Crawled caption data:
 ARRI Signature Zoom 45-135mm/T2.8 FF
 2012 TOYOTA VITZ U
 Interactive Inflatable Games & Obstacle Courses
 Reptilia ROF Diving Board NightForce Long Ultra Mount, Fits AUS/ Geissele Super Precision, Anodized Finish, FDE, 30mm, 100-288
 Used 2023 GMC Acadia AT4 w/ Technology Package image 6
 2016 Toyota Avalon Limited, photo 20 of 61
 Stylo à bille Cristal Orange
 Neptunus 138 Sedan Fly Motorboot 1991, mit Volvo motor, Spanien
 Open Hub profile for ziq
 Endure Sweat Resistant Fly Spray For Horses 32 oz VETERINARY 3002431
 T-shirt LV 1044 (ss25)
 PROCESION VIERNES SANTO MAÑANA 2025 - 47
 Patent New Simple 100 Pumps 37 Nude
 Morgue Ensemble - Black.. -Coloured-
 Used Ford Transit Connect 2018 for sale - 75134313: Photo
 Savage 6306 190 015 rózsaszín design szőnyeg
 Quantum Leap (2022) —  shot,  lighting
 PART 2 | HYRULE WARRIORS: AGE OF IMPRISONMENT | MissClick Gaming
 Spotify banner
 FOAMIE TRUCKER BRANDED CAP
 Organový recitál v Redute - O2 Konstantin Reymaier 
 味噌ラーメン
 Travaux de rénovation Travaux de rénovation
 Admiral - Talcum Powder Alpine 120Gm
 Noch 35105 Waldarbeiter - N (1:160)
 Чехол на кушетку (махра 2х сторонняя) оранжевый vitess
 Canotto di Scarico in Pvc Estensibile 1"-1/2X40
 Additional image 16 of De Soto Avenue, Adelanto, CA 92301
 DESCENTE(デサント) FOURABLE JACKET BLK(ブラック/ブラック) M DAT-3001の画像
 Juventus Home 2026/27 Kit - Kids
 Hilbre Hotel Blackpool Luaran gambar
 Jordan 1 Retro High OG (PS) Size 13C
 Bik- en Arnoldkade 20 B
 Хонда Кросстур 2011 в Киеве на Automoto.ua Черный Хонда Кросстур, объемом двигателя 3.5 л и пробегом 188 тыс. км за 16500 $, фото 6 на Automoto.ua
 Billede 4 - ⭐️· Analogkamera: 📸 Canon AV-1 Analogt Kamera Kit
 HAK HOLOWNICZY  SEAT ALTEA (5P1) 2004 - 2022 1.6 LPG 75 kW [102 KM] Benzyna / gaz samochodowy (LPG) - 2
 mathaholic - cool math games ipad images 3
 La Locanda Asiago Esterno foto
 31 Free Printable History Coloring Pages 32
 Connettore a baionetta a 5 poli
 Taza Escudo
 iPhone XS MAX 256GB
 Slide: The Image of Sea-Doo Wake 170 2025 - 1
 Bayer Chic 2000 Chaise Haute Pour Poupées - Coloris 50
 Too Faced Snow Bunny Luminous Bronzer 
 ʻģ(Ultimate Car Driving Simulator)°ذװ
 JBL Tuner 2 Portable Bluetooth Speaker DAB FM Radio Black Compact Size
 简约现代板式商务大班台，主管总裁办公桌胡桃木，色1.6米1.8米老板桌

## EXERCISE DIRECTIONS:
Please retype, exactly as written, every line from the line containing "iPhone XS MAX 256GB" through the last line of the records above, including both of those lines, and nothing else.

## FINAL ANSWER:
 iPhone XS MAX 256GB
 Slide: The Image of Sea-Doo Wake 170 2025 - 1
 Bayer Chic 2000 Chaise Haute Pour Poupées - Coloris 50
 Too Faced Snow Bunny Luminous Bronzer 
 ʻģ(Ultimate Car Driving Simulator)°ذװ
 JBL Tuner 2 Portable Bluetooth Speaker DAB FM Radio Black Compact Size
 简约现代板式商务大班台，主管总裁办公桌胡桃木，色1.6米1.8米老板桌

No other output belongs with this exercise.